Sebi on Tuesday imposed a penalty of Rs 50 lakh on the National Stock Exchange for making changes in compensation policy for senior management level people without taking prior approval from the markets regulator. The change in the policy resulted in encashment of accumulated ordinary leaves for NSE’s former managing directors and chief executive officers — Ravi Narain and Chitra Ramkrishna — above the limit of 360 days granted by the exchange without taking Sebi’s prior nod, an order said.
According to Sebi, this led to non-compliance with the provisions of the SECC or Securities Contracts (Regulation) (Stock Exchanges and Clearing Corporations) Regulations.
“The noticee (National Stock Exchange), being the leading regulated stock exchange in India, should have set higher standards of compliance which is found missing in the present case,” Sebi said.
“Further, the material brought on record shows that the failure of taking prior approval from Sebi before making a change in its policy which was approved by the Compensation Committee/ NSE Board of NSE on November 26, 2012 may be a single instance but, it has led to violation on repeated instances…,” the order said.
The instances include encashment of accumulated ordinary leave by Ravi Narain and Chitra Ramkrishna over and above the limit of 360 days at the time of his retirement and her resignation, respectively, it added.
The Securities and Exchange Board of India (Sebi) had received a letter from Ministry of Finance regarding a news report which referring to the NSE’s annual report stated that Ramkrishna earned about Rs 44 crore in a period of three years during which she held the position at the exchange and that she earned Rs 23 crore as total remuneration in the last eight months of her tenure.

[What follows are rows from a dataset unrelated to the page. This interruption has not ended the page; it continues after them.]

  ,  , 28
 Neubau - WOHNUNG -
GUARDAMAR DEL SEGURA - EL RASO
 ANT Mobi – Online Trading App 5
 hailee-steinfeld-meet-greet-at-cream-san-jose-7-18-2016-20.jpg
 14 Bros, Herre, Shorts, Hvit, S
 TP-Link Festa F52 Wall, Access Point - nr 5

She was a former MD and CEO of the exchange.
Based on the reference from the ministry, Sebi initiated an examination of the matter. Under the NSE policy, leave encashment of up to 360 days is permitted for an employee.

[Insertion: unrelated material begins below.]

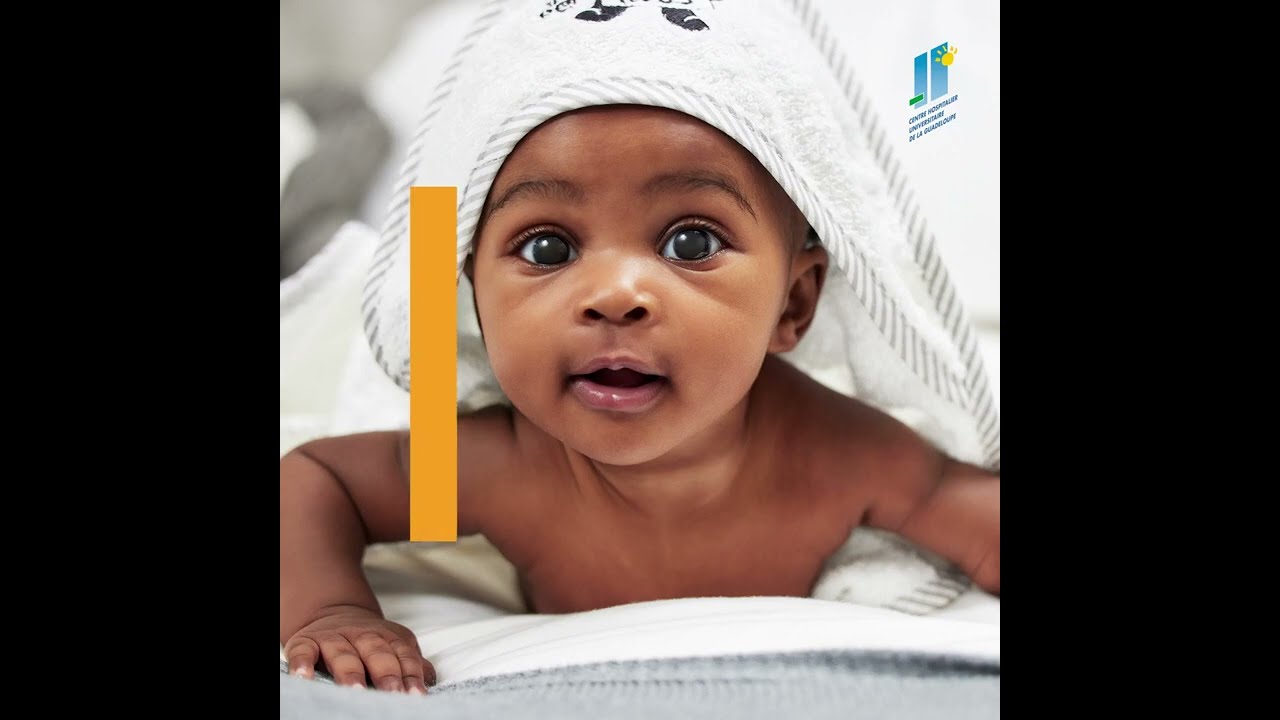 assistance médicale à la procréation (AMP)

However, on comparing the approved compensation and actual gross compensation paid for the period of eight months and two days to Ramkrishna for the financial year 2016-2017, Sebi observed that the NSE board on the basis of the recommendation of its Nomination and Remuneration Committee permitted an additional encashment of 168 days.
The extra remuneration paid to Ramkrishna on account of encashment of this additional 168 days of leave was Rs 1.54 crore, as per Sebi.
Sebi said such nature of default with regard to non-adherence to guidelines prescribed under the SECC Regulations as observed in this case would compromise the regulatory framework and should be dealt with by imposing monetary penalty so as to send an effective message to the market participants as a whole.
Accordingly, Sebi decided to impose a fine of Rs 50 lakh on the NSE.